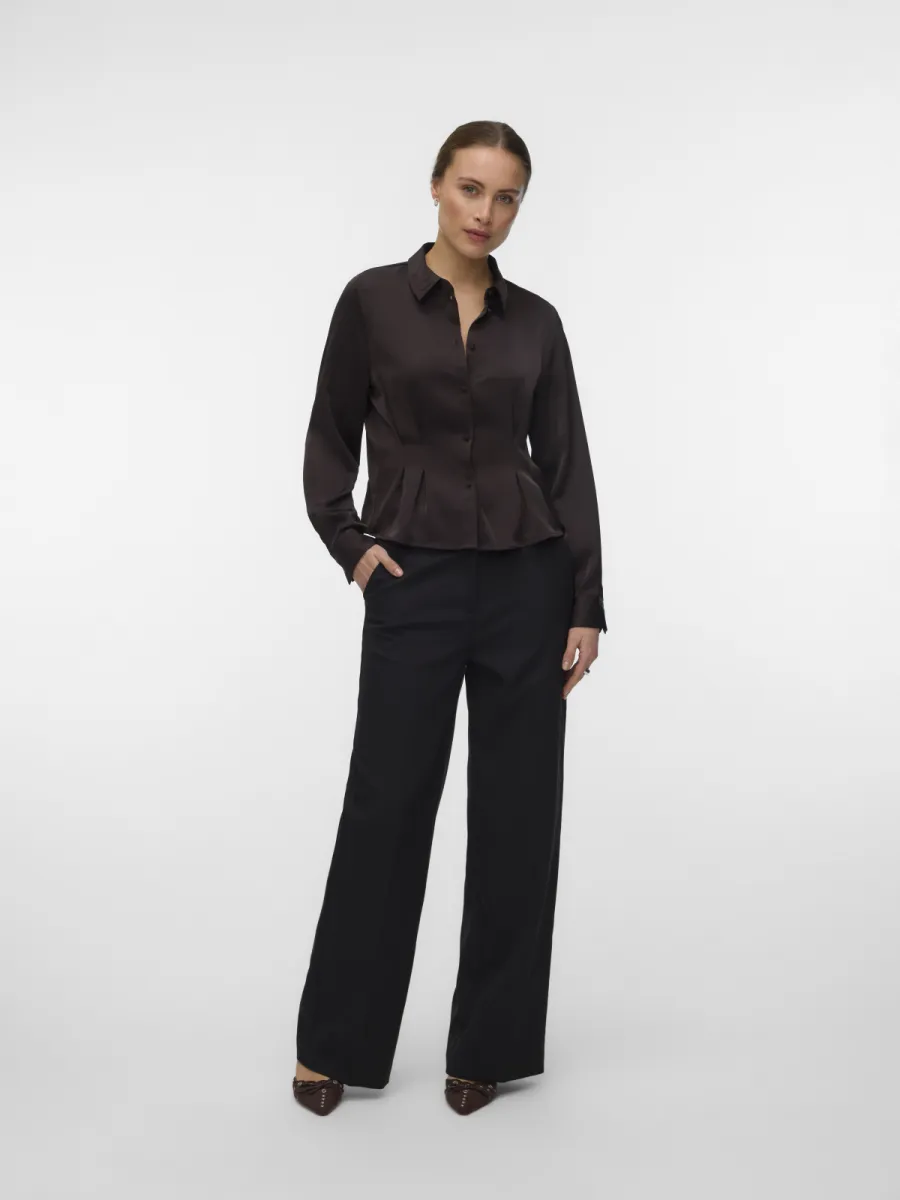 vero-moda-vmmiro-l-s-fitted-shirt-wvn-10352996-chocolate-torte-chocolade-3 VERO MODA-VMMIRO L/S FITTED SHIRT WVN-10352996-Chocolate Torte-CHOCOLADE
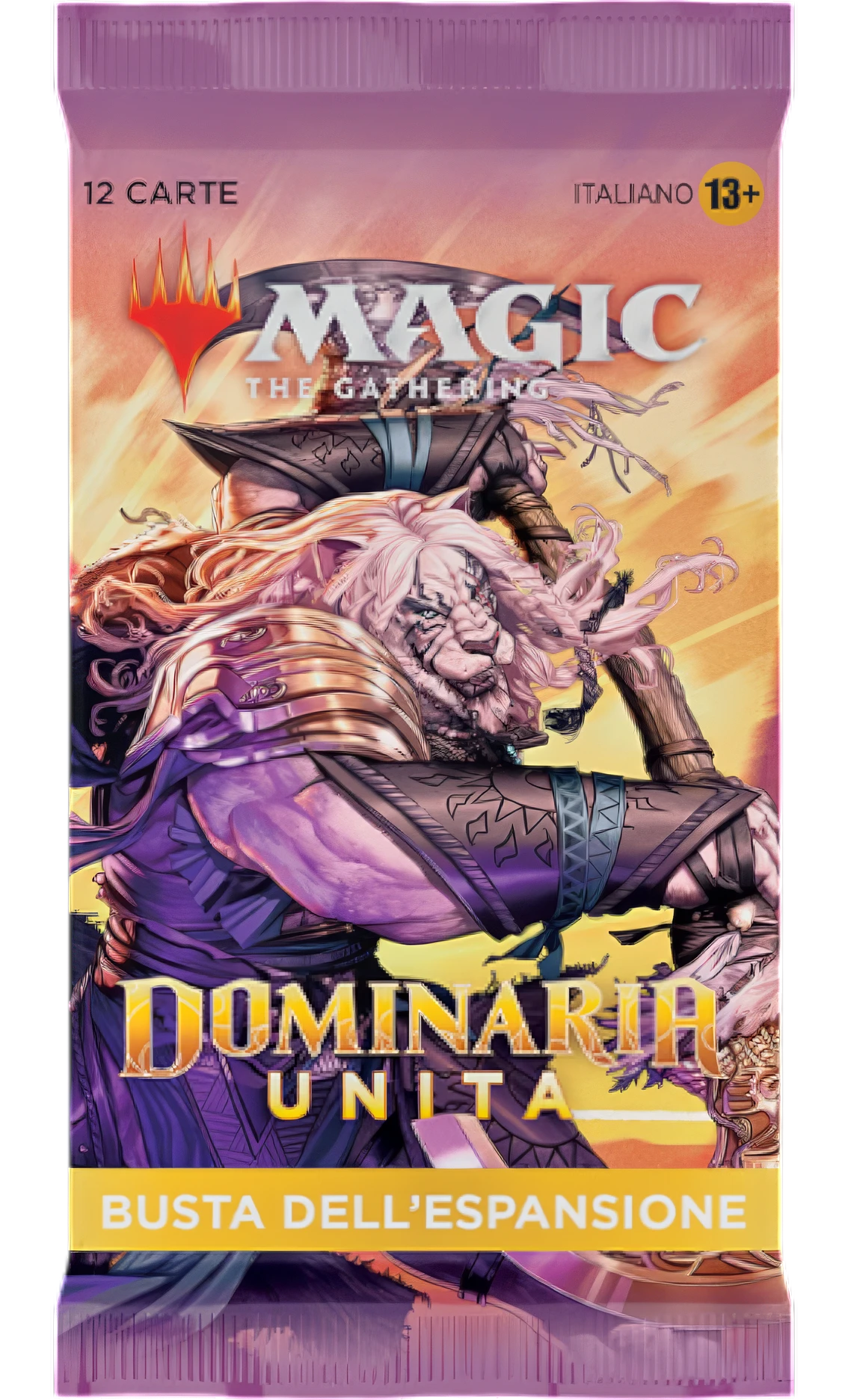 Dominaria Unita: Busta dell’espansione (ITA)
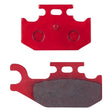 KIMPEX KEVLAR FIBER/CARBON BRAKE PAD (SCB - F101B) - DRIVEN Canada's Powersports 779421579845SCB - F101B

Work item
Your answer should copy the listing word for word, with no pictures in it.

Answer area
 vero-moda-vmmiro-l-s-fitted-shirt-wvn-10352996-chocolate-torte-chocolade-3 VERO MODA-VMMIRO L/S FITTED SHIRT WVN-10352996-Chocolate Torte-CHOCOLADE
 Dominaria Unita: Busta dell’espansione (ITA)
 KIMPEX KEVLAR FIBER/CARBON BRAKE PAD (SCB - F101B) - DRIVEN Canada's Powersports 779421579845SCB - F101B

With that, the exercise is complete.